L2 is clearly visible at 256k, 512k, 1MB, and 2MB with 1,2,4 and 8 threads respectively. In the single thread run with 3 idle cores the L3 can almost keep up with L2. So the improvement is rather low with 1 and 2 threads (3 and 6 idle cores respectively). But with 8 threads fighting for L3 it’s clear that the L2 is a big help taking the bandwidth from 77GB/sec to 180GB/sec.
L1 is barely visible in the 1T thread at the very left of the graph, but is easily seen at 64, 128k, and 256k thresholds for 2, 4, and 8 threads respectively. All classic textbook graphs for these things.
Now for the problems. I played with tons of flags with pgcc and ended up with one of 2 graphs:
Very strange indeed, good main memory and L1 bandwidths (noticeably better than gcc). The the size of L2 is halved for all add and triad lines. Even more strangely is that the L1 seems halved only for the triad lines (but not the add lines).
It was compiled with:
-O3 -Msafeptr -fastsse
Next up is:
Compiled with -Mscalarsse -Mcache_align -O3 -Msafeptr.
Main memory looks good, L3 looks good, L2 looks good… but no L1!
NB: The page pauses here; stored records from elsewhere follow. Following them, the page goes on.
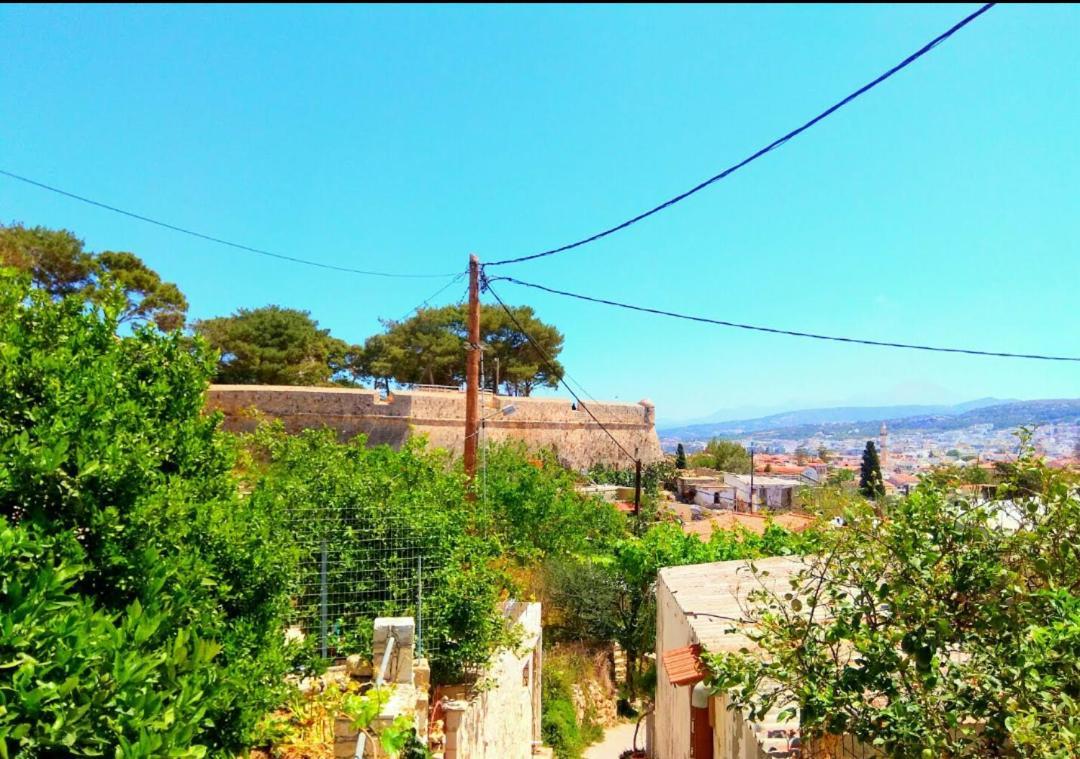 Casa Di Maria Villa Rethymnon Exterior foto
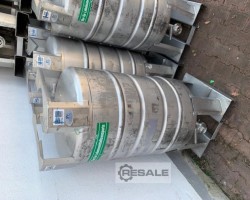 Maschine: HAUSACH 250 l, 2 bar Transporttanks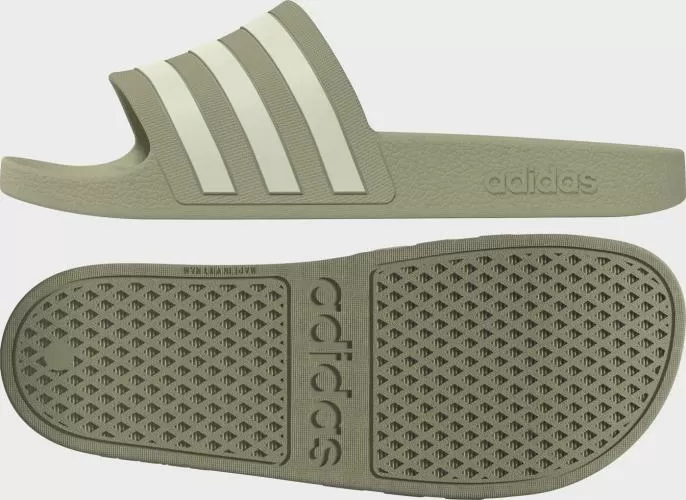 ADIDAS ADILETTE AQUA - KHATHR/OWHITE/OWHITE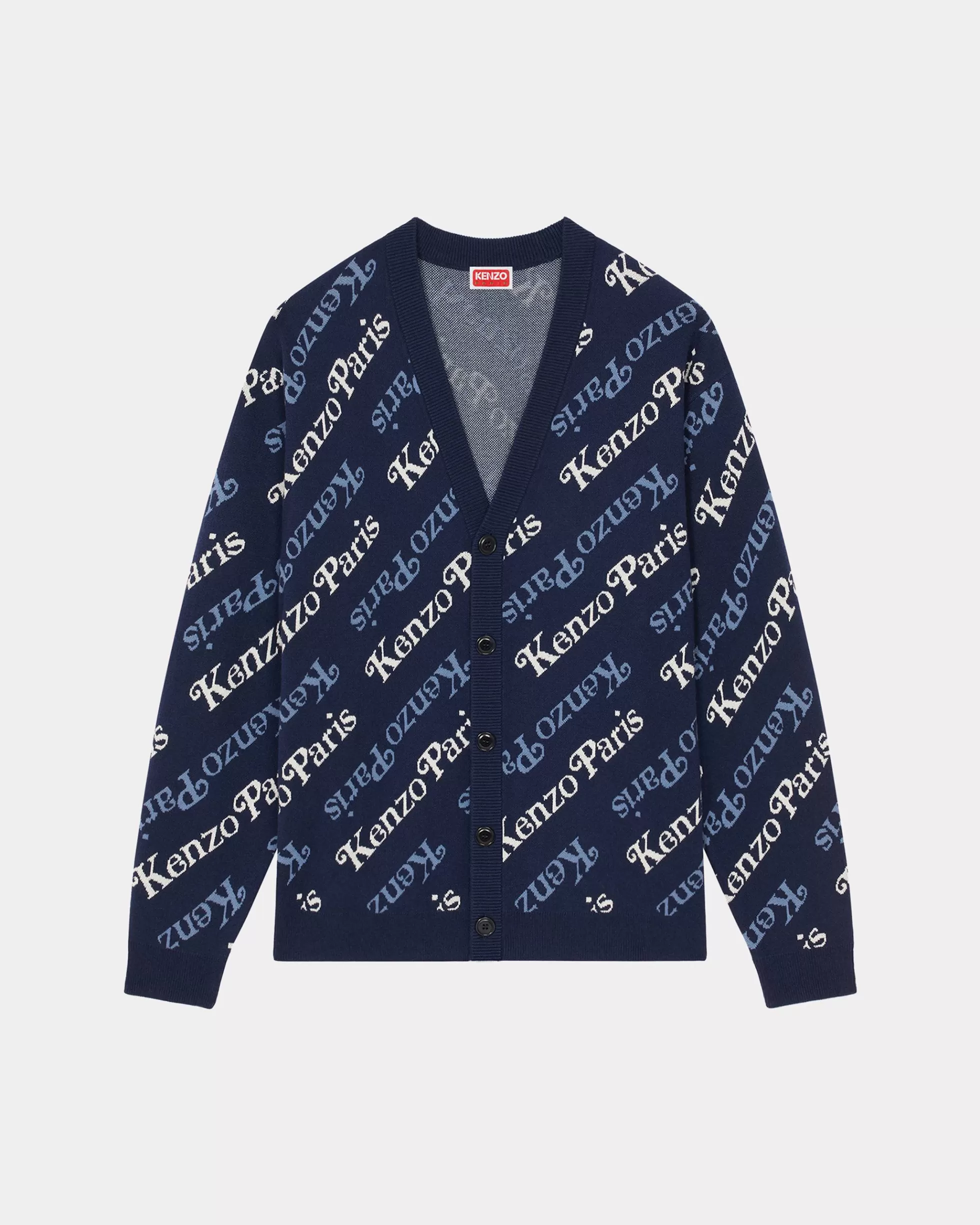 Pullover | Pullover>KENZO Unisex Cardigan „ by Verdy“ Midnight Blue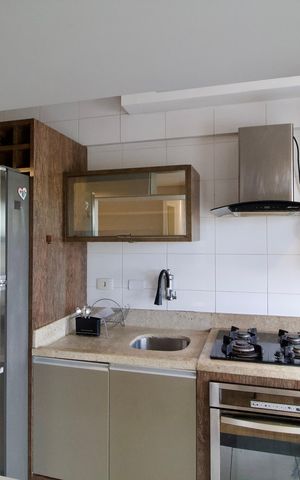 Apartamento à venda com 64m², 3 quartos e 1 vaga Apartamento à venda com 64m², 3 quartos e 1 vagaCozinha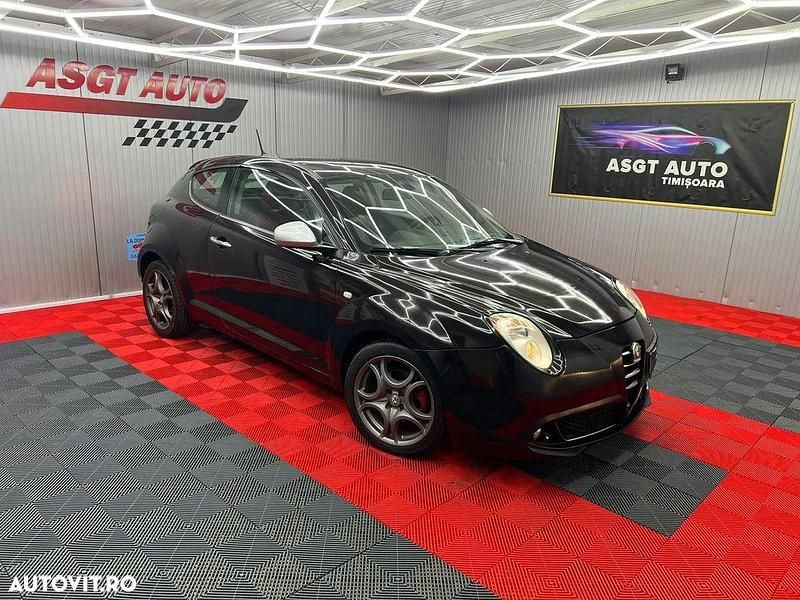 Second-hand Alfa Romeo MiTo 120 CP (88 kW) 2011 Culoarenegru Hatchback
Any hints on how to handle this? A, B, and C are double * that are allocated dynamically (to allow the constantly changing array size). What would the optimal alignment be? I’m making sure they are 128 byte aligned. How about the alignment between A, B, and C. Seems like you’d want them off by somewhere around 1/3rd of L1 to insure that read/writing A doesn’t land on the same cache line as part of B.
Anything else? How about compiler flags? Any suggested way to get a nice healthy plot like gcc’s? Is accessing half of L1/L2 somehow faster? Does PGCC somehow statically partition the L1/L2 caching for hyperthreading even if the hyperthreading isn’t used?
I tried removing my pointer alignment tricks and it made the graphs noisier, but no better.
Hints, ideas, and suggestions welcome. Oh, BTW, -Msafeptr is awesome, I frequently see substantial performance hits when accessing dynamic arrays with pathscale, gcc, and open64 compilers. -Msafeptr makes malloc’d arrays just as fast as statically allocated arrays in my tests.